EDIT: Consider $m,n\in\mathbb{Z}$ with $\frac{m}{n}\in \mathbb{R} -\mathbb{Z}$ and $n>1$.

Given integers $m,n$ I want to prove that $$\bigg\lfloor \frac{m}{n} \bigg\rfloor=\frac{m}{n}-\frac{1}{2}+\frac{1}{2n}\sum_{k=1}^{n-1} \sin \bigg(\frac{2\pi km}{n}\bigg) \cot \bigg(\frac{\pi k}{n}\bigg)$$

Using a Fourier expansion I obtain $$ \bigg\lfloor \frac{m}{n} \bigg\rfloor=\frac{m}{n}-\frac{1}{2}+\frac{1}{\pi}\sum_{k=1}^{\infty}\frac{\sin (2\pi k \frac{m}{n})} {k}$$

However, I do not see how $$\frac{1}{2n}\sum_{k=1}^{n-1}\sin\bigg( \frac{2\pi km}{n} \bigg)\cot \bigg(\frac{\pi k}{n} \bigg) =\frac{1}{\pi}\sum_{k=1}^{\infty}\frac{\sin (2\pi k \frac{m}{n})} {k}$$

EDIT This link http://functions.wolfram.com/IntegerFunctions/Floor/06/ShowAll.html also claims that they are equal.

cap
  • 2,443
  • As written, the sum on the right does not converge. – Ron Gordon Mar 16 '14 at 20:55
  • Sorry, I will edit: $m/n \in \mathbb{R} - \mathbb{Z} $ with $m,n \in \mathbb{Z}$ and $n>1$ – cap Mar 16 '14 at 21:00
  • You're still not there.

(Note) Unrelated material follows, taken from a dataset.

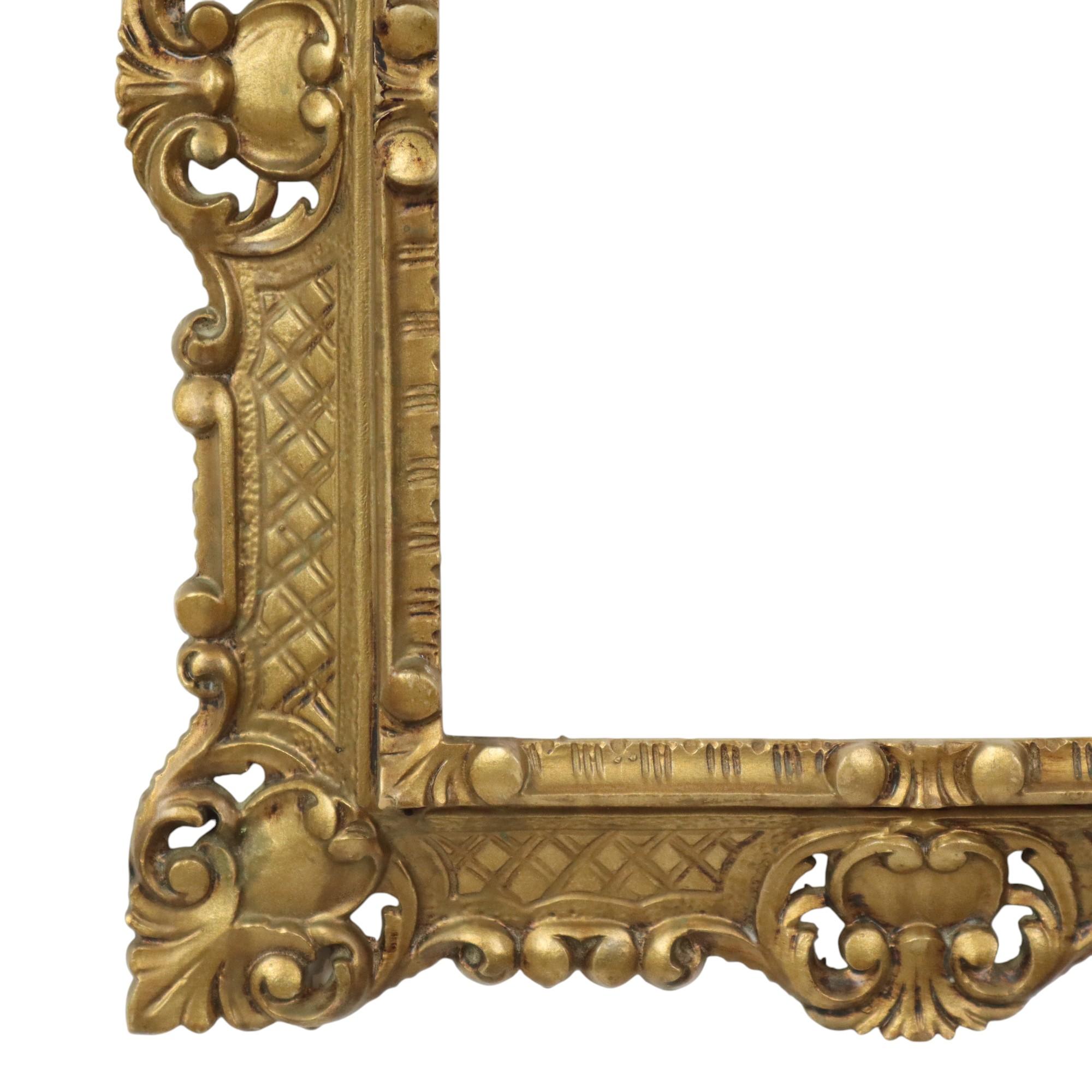 Italian Plastic Rococo Frame Gold Colored CM Mod Dep 44x37cm For Sale 3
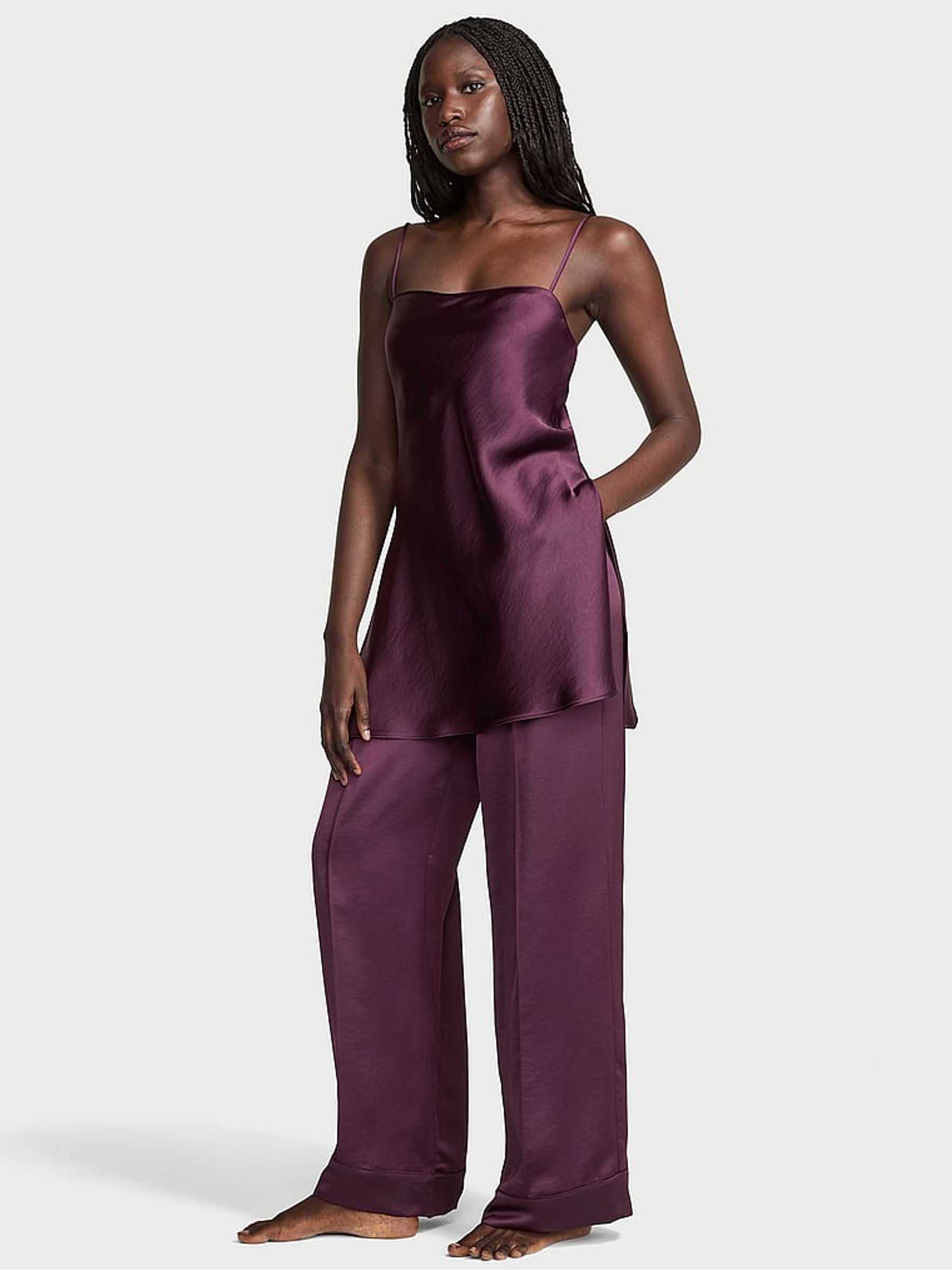 Winter Wine Purple Luxe Satin Tunic and Trouser Set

Look carefully at your link. – Ron Gordon Mar 16 '14 at 21:11
  • @Gordon The infinite series in question may very well converge, just not absolutely. This is a very curious sum indeed. I would think an arithmetic progression formula for sine or cosine is needed. Maybe a variation of http://math.stackexchange.com/questions/17966 – Bobby Ocean Mar 25 '14 at 10:13

1 Answers1

2

For given $n\in{\mathbb N}_{\geq1}$ the function $$f:\>{\mathbb Z}\to{\mathbb R},\quad k\mapsto\left\lfloor{k\over n}\right\rfloor -{k\over n}$$ is periodic with period $n$. Now do a discrete Fourier transform on $f$, and you will obtain a finite trigonometric sum representing $f$.

Christian Blatter
  • 226,825